A propos du rapport entre foi et œuvres de charité, une expression de la Lettre de saint Paul aux Ephésiens résume peut-être leur corrélation de la meilleure des manières : « C’est bien par la grâce que vous êtes sauvés, à cause de votre foi. Cela ne vient pas de vous, c’est le don de Dieu. Cela ne vient pas de vos œuvres, il n’y a pas à en tirer orgueil. C’est Dieu qui nous a faits, il nous a créés en Jésus-Christ, pour que nos œuvres soient vraiment bonnes, conformes à la voie que Dieu a tracée pour nous et que nous devons suivre » (2, 8-10). On perçoit ici que toute l’initiative salvifique vient de Dieu, de sa Grâce, de son pardon accueilli dans la foi; mais cette initiative, loin de limiter notre liberté et notre responsabilité, les rend plutôt authentiques et les orientent vers les œuvres de charité. Celles-ci ne sont pas principalement le fruit de l’effort humain, dont tirer gloire, mais naissent de la foi elle-même, elles jaillissent de la Grâce que Dieu offre en abondance. Une foi sans œuvres est comme un arbre sans fruits: ces deux vertus s’impliquent réciproquement. Le Carême nous invite précisément, avec les indications traditionnelles pour la vie chrétienne, à alimenter la foi à travers une écoute plus attentive et prolongée de la Parole de Dieu et la participation aux Sacrements, et, dans le même temps, à croître dans la charité, dans l’amour de Dieu et envers le prochain, également à travers les indications concrètes du jeûne, de la pénitence et de l’aumône.
4. Priorité de la foi, primat de la charité
Comme tout don de Dieu, foi et charité reconduisent à l’action de l’unique et même Esprit Saint (cf. 1 Co 13), cet Esprit qui s’écrie en nous « Abbà ! Père » (Gal 4, 6), et qui nous fait dire: « Jésus est Seigneur » (1 Co 12, 3) et « Maranatha ! » (1 Co 16, 22; Ap 22, 20).

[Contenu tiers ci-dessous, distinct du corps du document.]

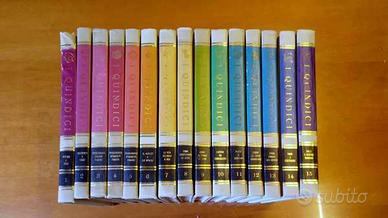 Enciclopedia vintage ragazzi "I Quindici" completa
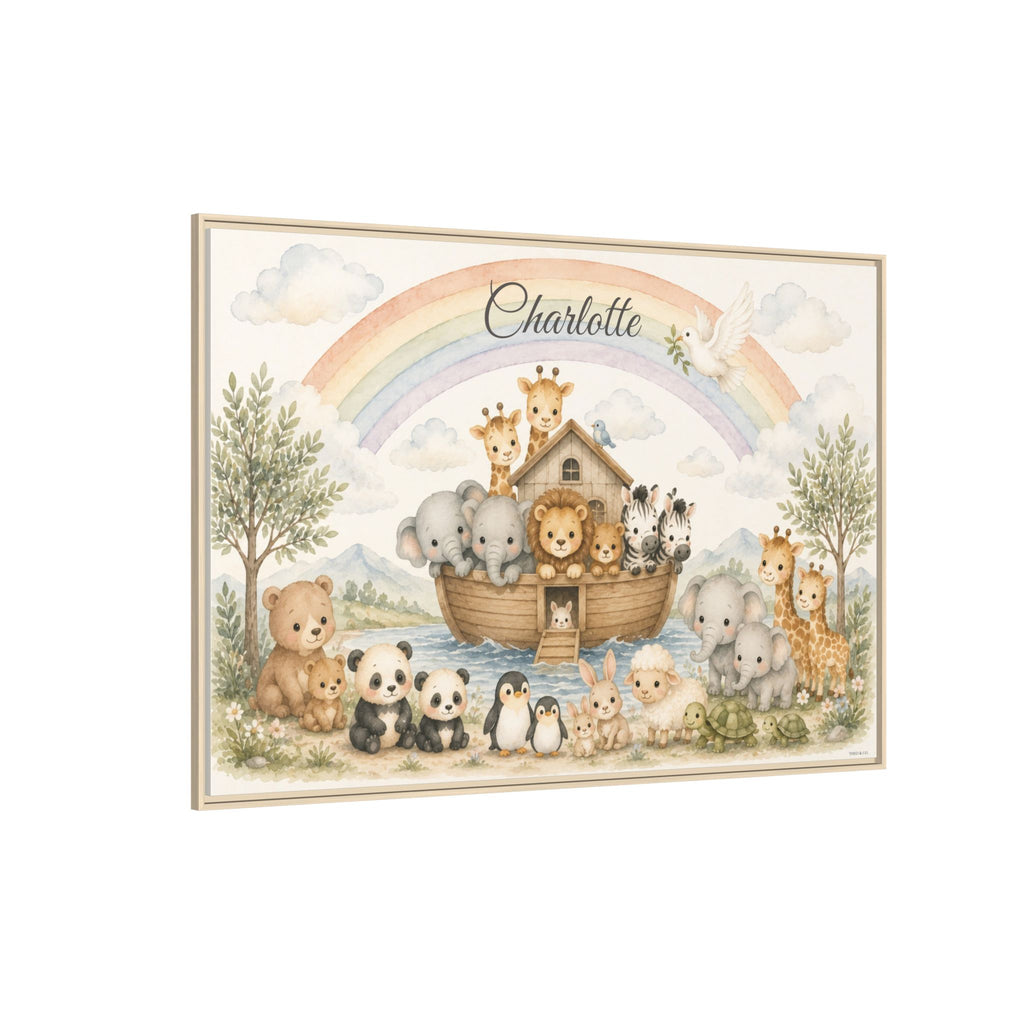 Personalized Noah's Ark Framed Canvas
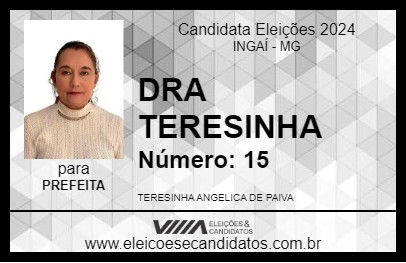 Candidato DRA TERESINHA 2024 - INGAÍ - Eleições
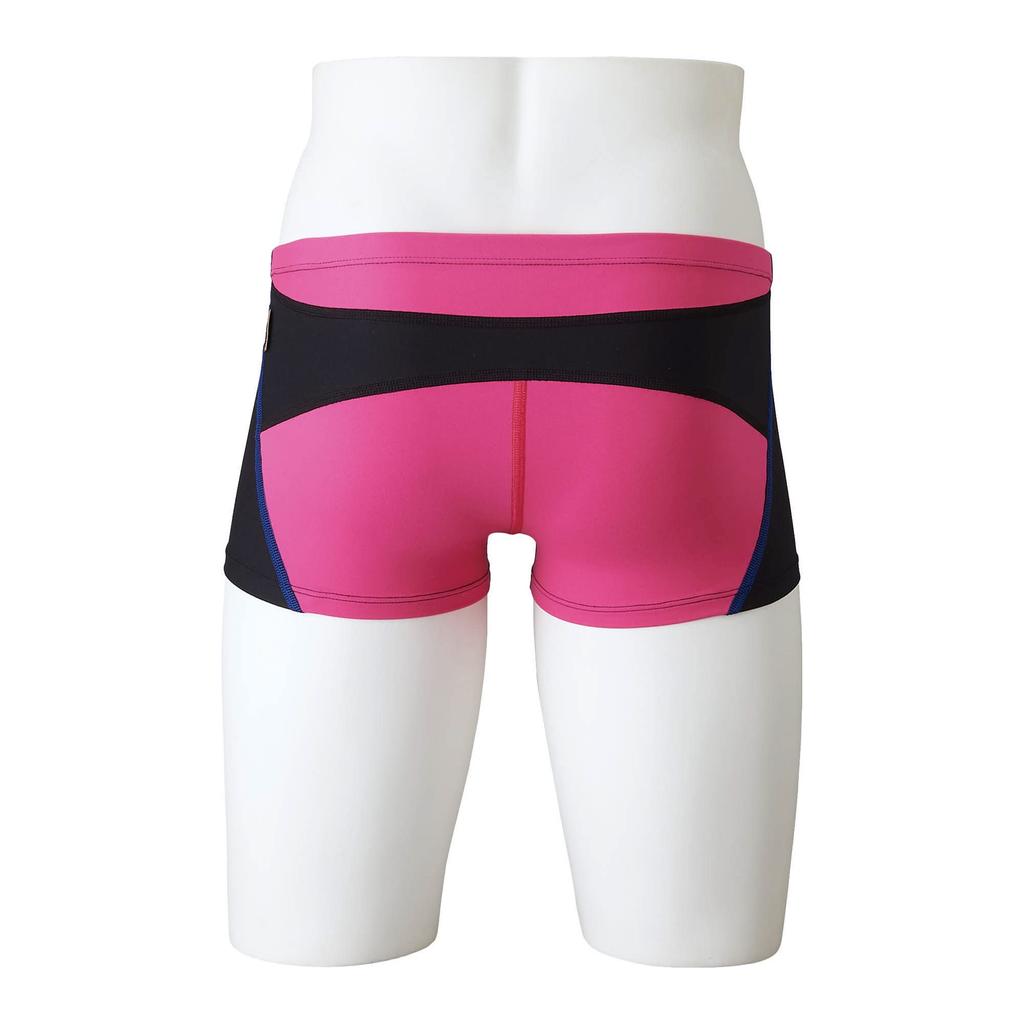 Mizuno EXER SUITS Short Spats for Competitive Swimming and Size 94 Size S Men's Training, N2MB8061, (Black/Pink),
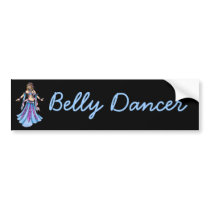 Candy Belly Dancer Sticker Bumper Sticker
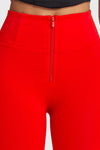 WR.UP® Fashion - High Waisted - Full Length - Red 10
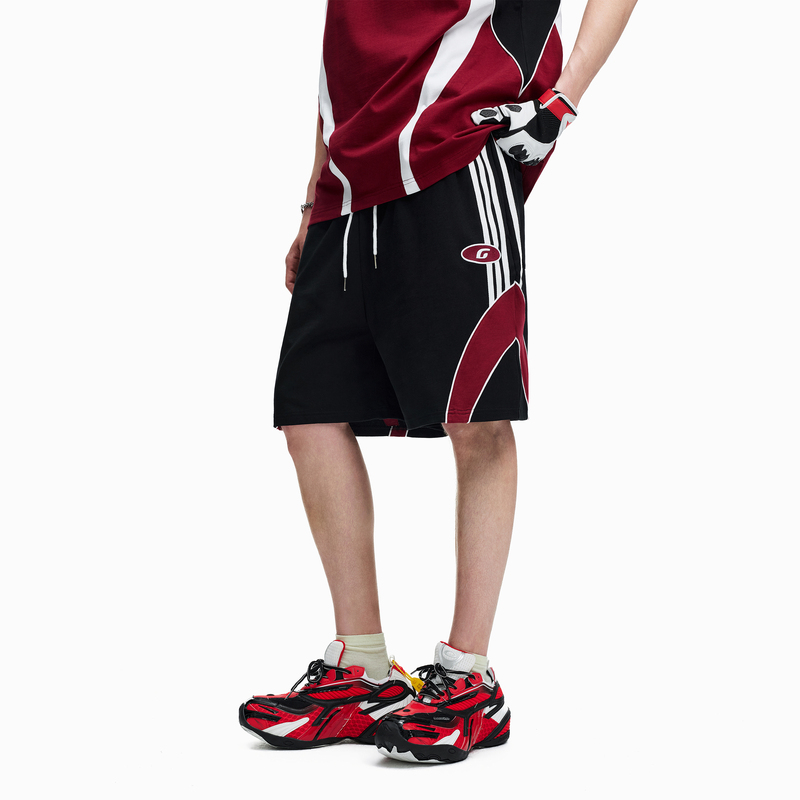 Czpf Original *Y2K Millennium Style Racing Sports Men's Shorts American Retro High Street Casual Trendy Brand Five-Point Shorts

La foi, don et réponse, nous fait connaître la vérité du Christ comme Amour incarné et crucifié, adhésion pleine et parfaite à la volonté du Père et miséricorde divine infinie envers le prochain; la foi enracine dans le cœur et dans l’esprit la ferme conviction que précisément cet Amour est l’unique réalité victorieuse sur le mal et sur la mort. La foi nous invite a regarder vers l’avenir avec la vertu de l’espérance, dans l’attente confiante que la victoire de l’amour du Christ atteigne sa plénitude. De son côté, la charité nous fait entrer dans l’amour de Dieu manifesté dans le Christ, nous fait adhérer de manière personnelle et existentielle au don total de soi et sans réserve de Jésus au Père et à nos frères. En insufflant en nous la charité, l’Esprit Saint nous fait participer au don propre de Jésus: filial envers Dieu et fraternel envers chaque homme (cf. Rm 5, 5).
La relation qui existe entre ces deux vertus est semblable à celle entre les deux sacrements fondamentaux de l’Église : le Baptême et l’Eucharistie. Le Baptême (sacramentum fidei) précède l’Eucharistie (sacramentum caritatis), mais il est orienté vers celle-ci, qui constitue la plénitude du cheminement chrétien. De manière analogue, la foi précède la charité, mais se révèle authentique seulement si elle est couronnée par celle-ci. Tout part de l’humble accueil de la foi (« se savoir aimé de Dieu »), mais doit arriver à la vérité de la charité (« savoir aimer Dieu et son prochain »), qui demeure pour toujours, comme accomplissement de toutes les vertus (cf. 1 Co 13, 13).
Chers frères et sœurs, en ce temps de Carême, où nous nous préparons à célébrer l’événement de la Croix et de la Résurrection, dans lequel l’Amour de Dieu a racheté le monde et illuminé l’histoire, je vous souhaite à tous de vivre ce temps précieux en ravivant votre foi en Jésus Christ, pour entrer dans son parcours d’amour envers le Père et envers chaque frère et sœur que nous rencontrons dans notre vie. A cette fin j’élève ma prière à Dieu, tandis que j’invoque sur chacun et sur chaque communauté la Bénédiction du Seigneur!